• What the task requires:
Print the listing below again. Change nothing.

• Task material:
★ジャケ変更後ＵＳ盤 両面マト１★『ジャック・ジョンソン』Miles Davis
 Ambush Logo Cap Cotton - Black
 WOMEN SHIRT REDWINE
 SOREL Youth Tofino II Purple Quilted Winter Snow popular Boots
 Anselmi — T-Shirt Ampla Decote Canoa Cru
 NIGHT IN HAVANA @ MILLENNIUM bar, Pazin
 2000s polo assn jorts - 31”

• Solution:
★ジャケ変更後ＵＳ盤 両面マト１★『ジャック・ジョンソン』Miles Davis
 Ambush Logo Cap Cotton - Black
 WOMEN SHIRT REDWINE
 SOREL Youth Tofino II Purple Quilted Winter Snow popular Boots
 Anselmi — T-Shirt Ampla Decote Canoa Cru
 NIGHT IN HAVANA @ MILLENNIUM bar, Pazin
 2000s polo assn jorts - 31”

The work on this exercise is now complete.